• _Assignment_
Apart from the pictures, output all of the records exactly.

Pictures with short captions
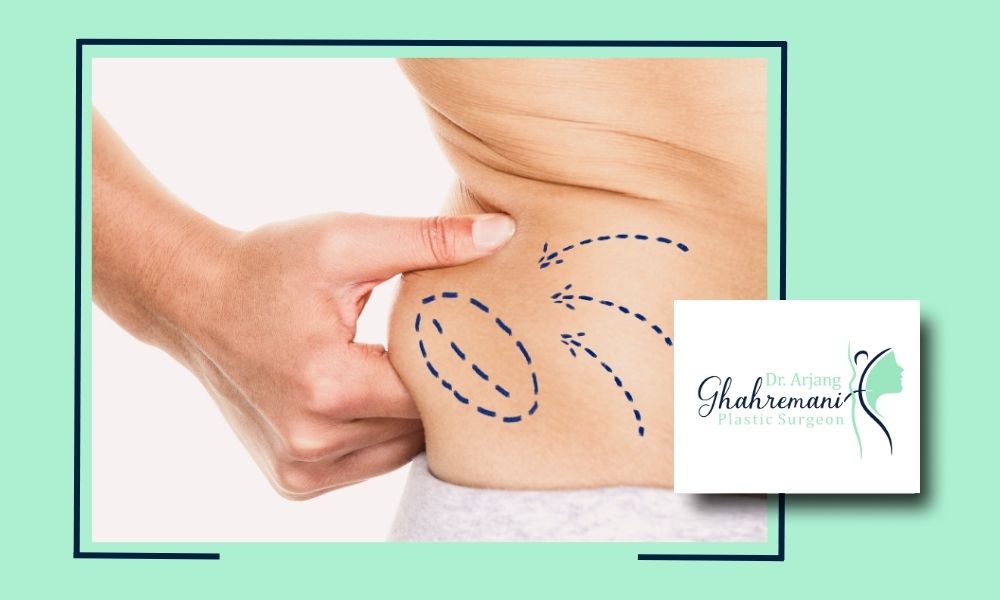 عوارض ویزرلیپو چیست و چگونه از آن پیشگیری کنیم؟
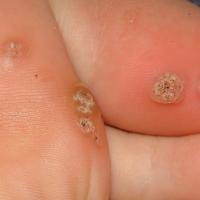 
	Plantar warts

	Copied with kind permission…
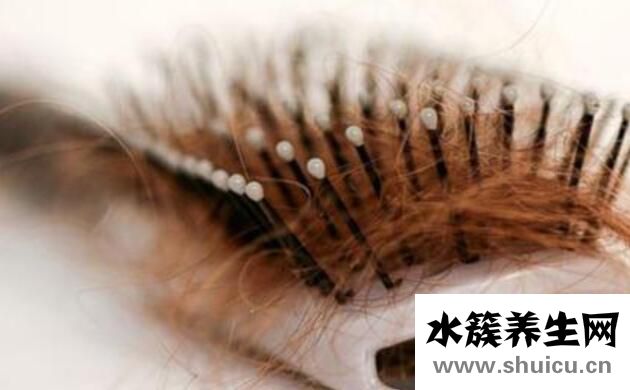 头发掉的厉害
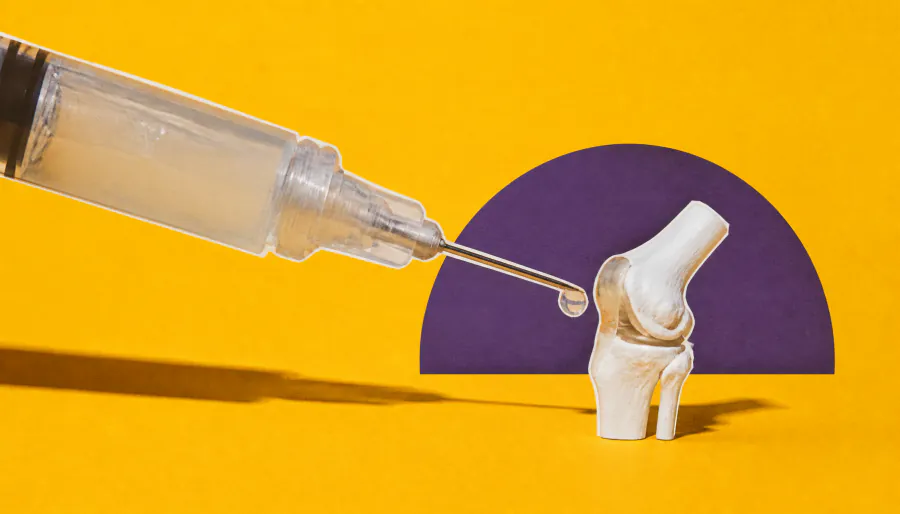 An epilepsy drug + a smart gel could be osteoarthritis's worst nightmare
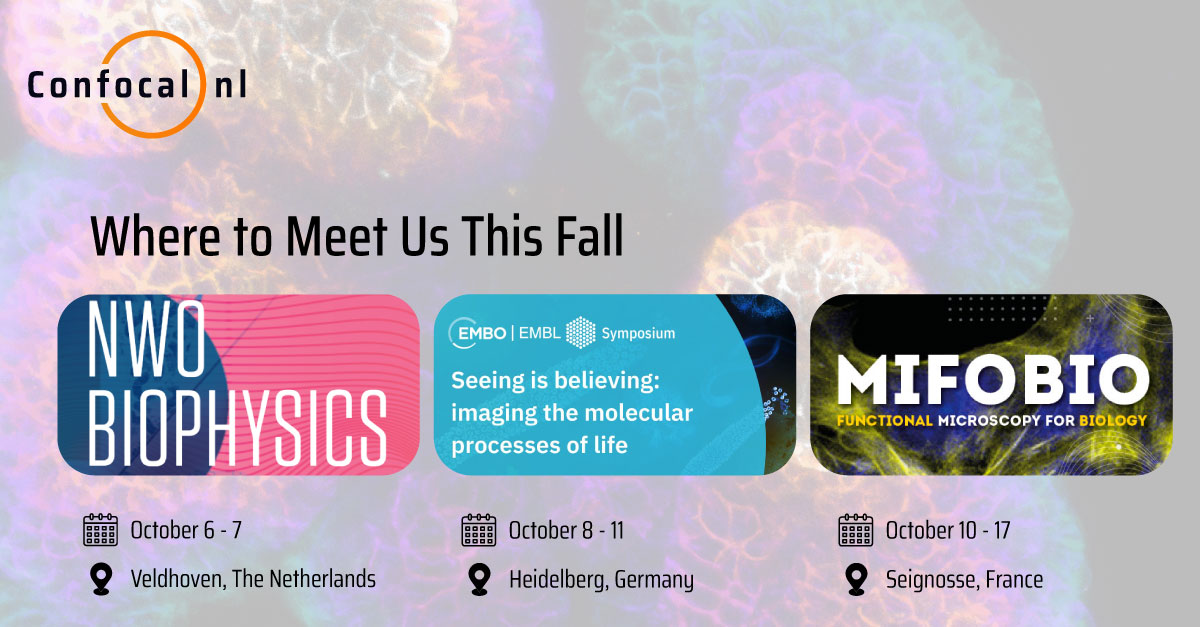 Confocal NL (@confocal_nl) on Twitter photo We are in the middle of summer, and we are preparing for an exciting autumn season full of incredible conferences!
This fall, weâre hitting the road to connect with the microscopy community â hereâs where to find us:
đđđ đđąđšđ©đĄđČđŹđąđđŹ â Veldhoven, Netherlands | We are in the middle of summer, and we are preparing for an exciting autumn season full of incredible conferences!
This fall, weâre hitting the road to connect with the microscopy community â hereâs where to find us:
đđđ đđąđšđ©đĄđČđŹđąđđŹ â Veldhoven, Netherlands |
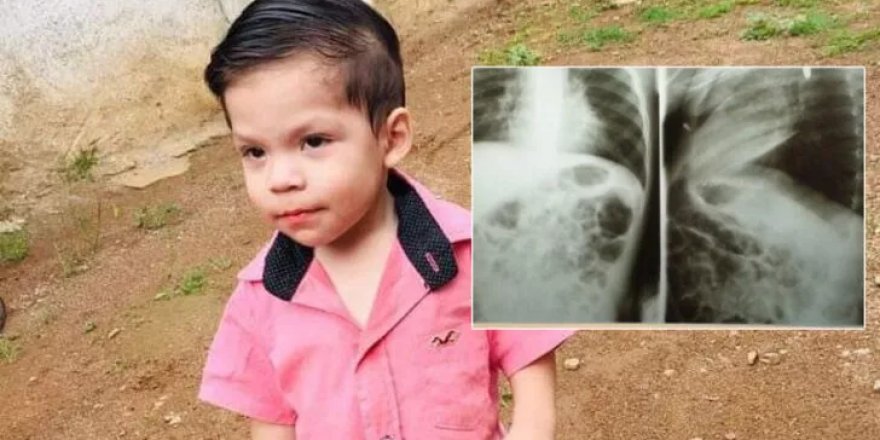Yuttuğu pil içinde patladı! 2 yaşındaki ufaklık şimdi yaşam savaşı veriyor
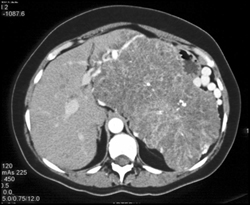 Serous Cystadenoma - CTisus CT Scan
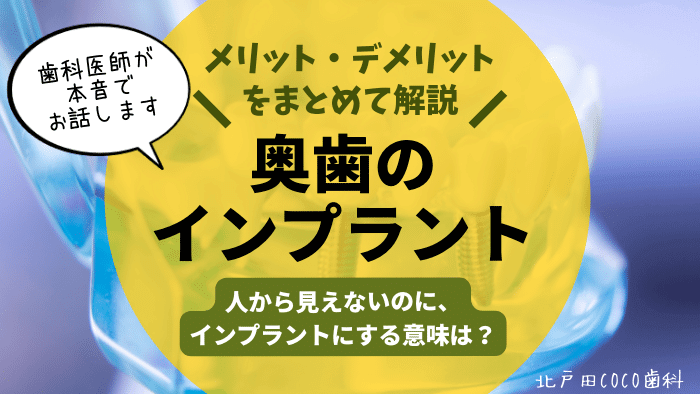 奥歯のインプラント治療のメリット・デメリット9選！歯医者の選び方も解説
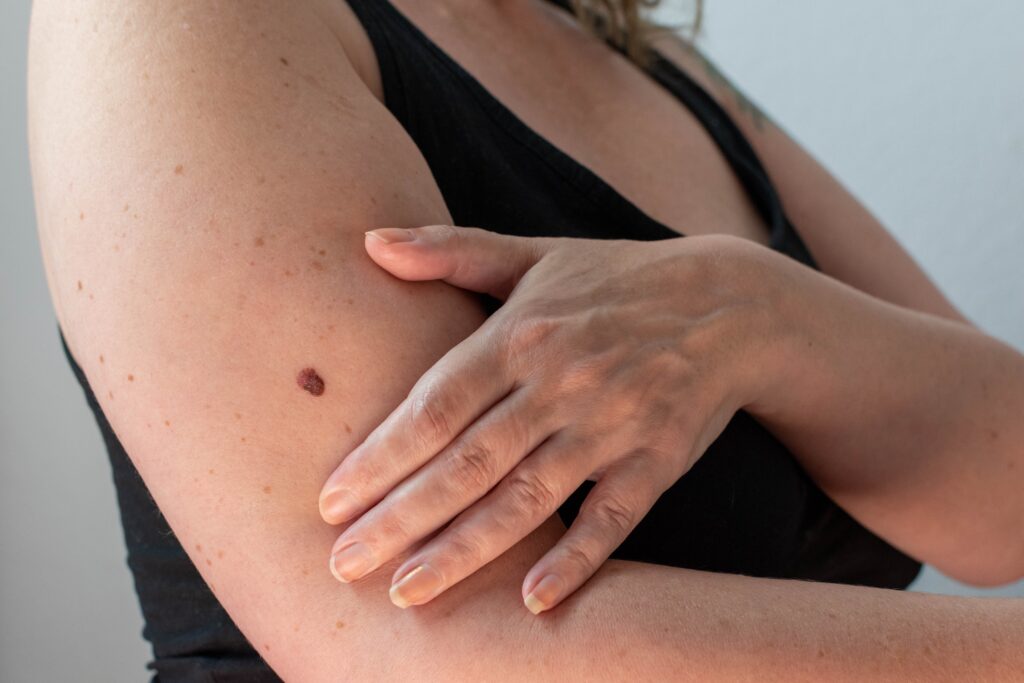 skin cancer detection dermatology
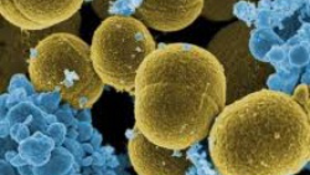 Gyulladáscsökkentő baktériumot találtak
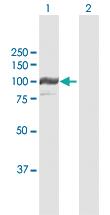 Anti-PYGL Rabbit Polyclonal Antibody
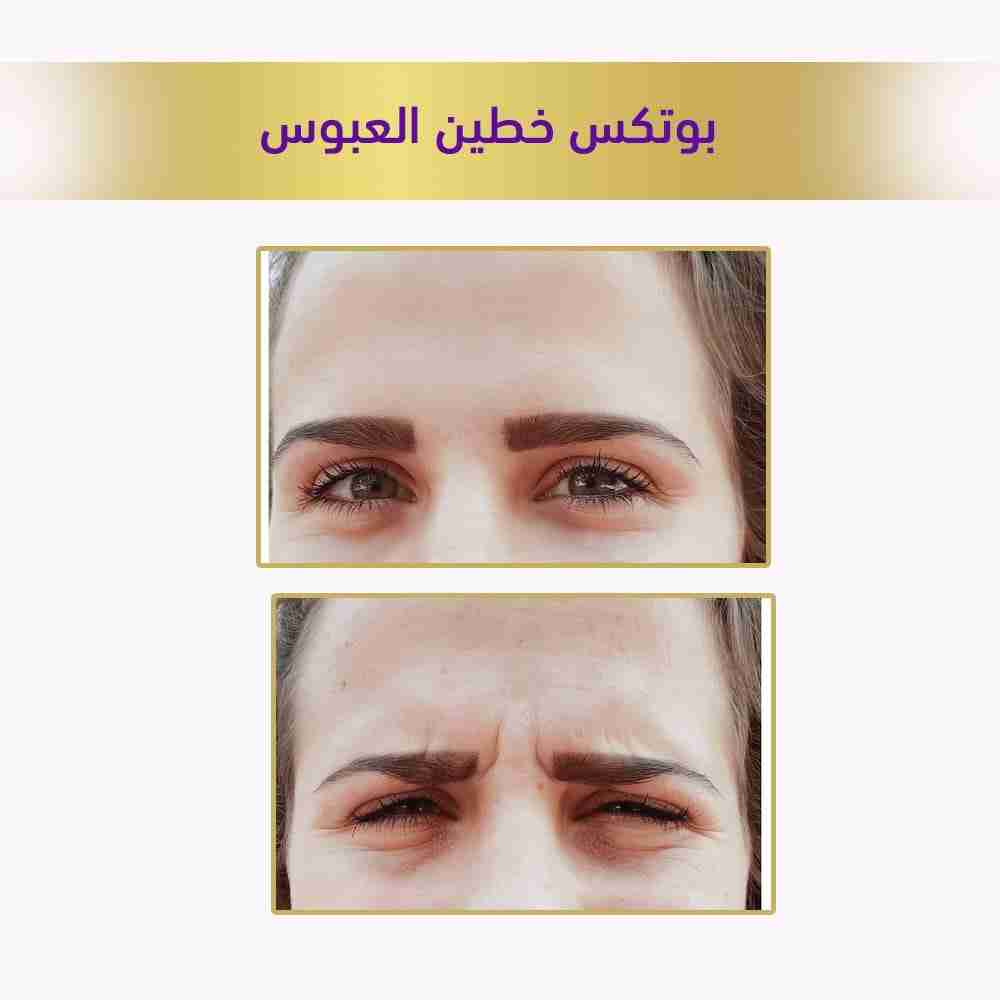 بوتكس خطين العبوس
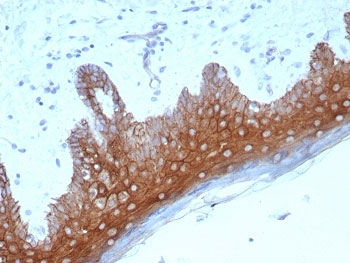 Desmoglein 1 Antibody Recombinant Rabbit MAb Human Skin IHC. Immunohistochemistry of Desmoglein 1 antibody in human skin tissue. Formalin-fixed, paraffin-embedded human skin demonstrates strong membranous staining in suprabasal keratinocytes, consistent with Desmoglein 1 localization at desmosomal cell-cell junctions within stratified squamous epithelium. Heat-induced epitope retrieval was performed by boiling tissue sections in pH 8 EDTA buffer for 20 minutes followed by cooling prior to staining. The recombinant rabbit monoclonal antibody clone DSG1/8576R was used as the primary antibody, showing distinct intercellular membrane staining throughout the epidermal layers.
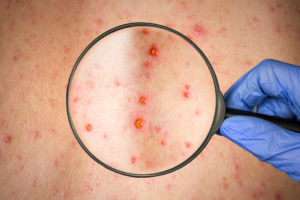 mpox4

• _Result_
 عوارض ویزرلیپو چیست و چگونه از آن پیشگیری کنیم؟
	Plantar warts

	Copied with kind permission…
 头发掉的厉害
 An epilepsy drug + a smart gel could be osteoarthritis's worst nightmare
 Confocal NL (@confocal_nl) on Twitter photo We are in the middle of summer, and we are preparing for an exciting autumn season full of incredible conferences!
This fall, weâre hitting the road to connect with the microscopy community â hereâs where to find us:
đđđ đđąđšđ©đĄđČđŹđąđđŹ â Veldhoven, Netherlands | We are in the middle of summer, and we are preparing for an exciting autumn season full of incredible conferences!
This fall, weâre hitting the road to connect with the microscopy community â hereâs where to find us:
đđđ đđąđšđ©đĄđČđŹđąđđŹ â Veldhoven, Netherlands |
Yuttuğu pil içinde patladı! 2 yaşındaki ufaklık şimdi yaşam savaşı veriyor
 Serous Cystadenoma - CTisus CT Scan
 奥歯のインプラント治療のメリット・デメリット9選！歯医者の選び方も解説
 skin cancer detection dermatology
 Gyulladáscsökkentő baktériumot találtak
 Anti-PYGL Rabbit Polyclonal Antibody
 بوتكس خطين العبوس
 Desmoglein 1 Antibody Recombinant Rabbit MAb Human Skin IHC. Immunohistochemistry of Desmoglein 1 antibody in human skin tissue. Formalin-fixed, paraffin-embedded human skin demonstrates strong membranous staining in suprabasal keratinocytes, consistent with Desmoglein 1 localization at desmosomal cell-cell junctions within stratified squamous epithelium. Heat-induced epitope retrieval was performed by boiling tissue sections in pH 8 EDTA buffer for 20 minutes followed by cooling prior to staining. The recombinant rabbit monoclonal antibody clone DSG1/8576R was used as the primary antibody, showing distinct intercellular membrane staining throughout the epidermal layers.
 mpox4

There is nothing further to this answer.